In spite of that I have a small old-lady-teacher lecture I have to get out of my system.
I hear us all saying (and I do mean us because I do it too), “Why are we still here? We should just be done already!” We know we’re done (see above) and we think the kids are done. So what’s the point?
The problem is, the kids are done because of us. We’ve hit a point that we just can’t keep doing what we’ve been doing so we don’t. We abandon our routines. We throw out our regular schedule. We start taking things down and packing things up.
And then we see the kids are done.
Yes. Because they see that we’re done.
We can relax things without completely giving up on what we’ve done all year. We worked so hard to establish our routines, we should use them to the end, let them work for us. Give kids more independent reading time. Find some blank comic pages for writing. Search out some fun Sudoku or similar puzzles for math. Keep kids doing some semblance of what they’ve done all year and they’ll do a better job of keeping things going as they’ve done all year.

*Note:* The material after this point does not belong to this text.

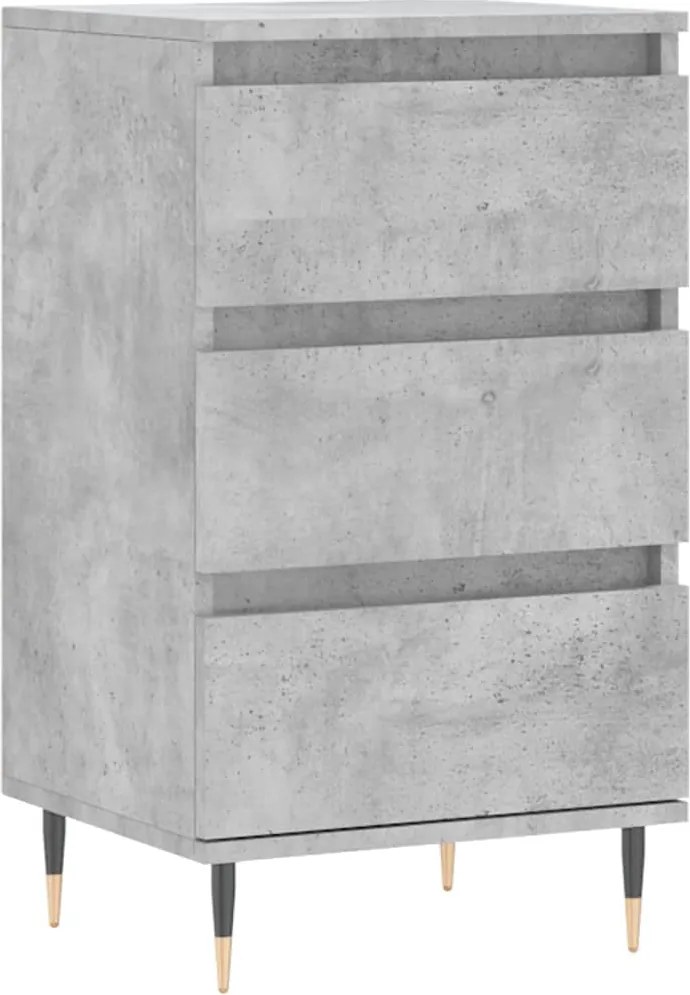 vidaXL betonszürke szerelt fa tálalószekrény 40 x 35 x 70 cm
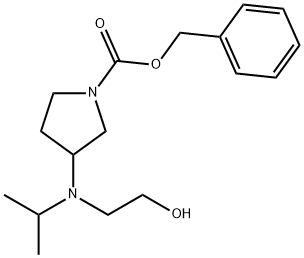 3-[(2-Hydroxy-ethyl)-isopropyl-aMino]-pyrrolidine-1-carboxylic acid benzyl ester 结构式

Leave things up on your walls. Keep your classroom library and math manipulatives out. Start packing up what’s in your cabinets and drawers, things the kids can’t see. Fill out all your end of the year forms and checklists. You can do a lot towards being ready on the final day without it causing chaos in your classroom.
If we were done now, the kids would have been like this a week or two ago. They would have hit their chaos point as soon as we hit our exhaustion point. We control this. (Not all of it, I can admit that, but a lot of it.) We can get to the end without it being as painful as it might be. We have to keep doing school for as long as possible. The kids will be with us if we do. And it’ll be worth it.